* What is being asked: A word-for-word copy of the whole listing is the required answer.

* Collected data:
══════

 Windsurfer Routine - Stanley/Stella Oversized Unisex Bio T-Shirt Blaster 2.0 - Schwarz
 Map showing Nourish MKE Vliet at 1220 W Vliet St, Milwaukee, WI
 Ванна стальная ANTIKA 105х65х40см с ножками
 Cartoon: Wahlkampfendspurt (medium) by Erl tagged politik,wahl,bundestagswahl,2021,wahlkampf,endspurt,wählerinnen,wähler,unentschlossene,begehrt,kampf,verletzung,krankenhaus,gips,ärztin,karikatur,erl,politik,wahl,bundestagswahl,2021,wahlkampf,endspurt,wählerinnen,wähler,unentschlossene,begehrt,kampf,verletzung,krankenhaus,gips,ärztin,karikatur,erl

══════

* Solution:
 Windsurfer Routine - Stanley/Stella Oversized Unisex Bio T-Shirt Blaster 2.0 - Schwarz
 Map showing Nourish MKE Vliet at 1220 W Vliet St, Milwaukee, WI
 Ванна стальная ANTIKA 105х65х40см с ножками
 Cartoon: Wahlkampfendspurt (medium) by Erl tagged politik,wahl,bundestagswahl,2021,wahlkampf,endspurt,wählerinnen,wähler,unentschlossene,begehrt,kampf,verletzung,krankenhaus,gips,ärztin,karikatur,erl,politik,wahl,bundestagswahl,2021,wahlkampf,endspurt,wählerinnen,wähler,unentschlossene,begehrt,kampf,verletzung,krankenhaus,gips,ärztin,karikatur,erl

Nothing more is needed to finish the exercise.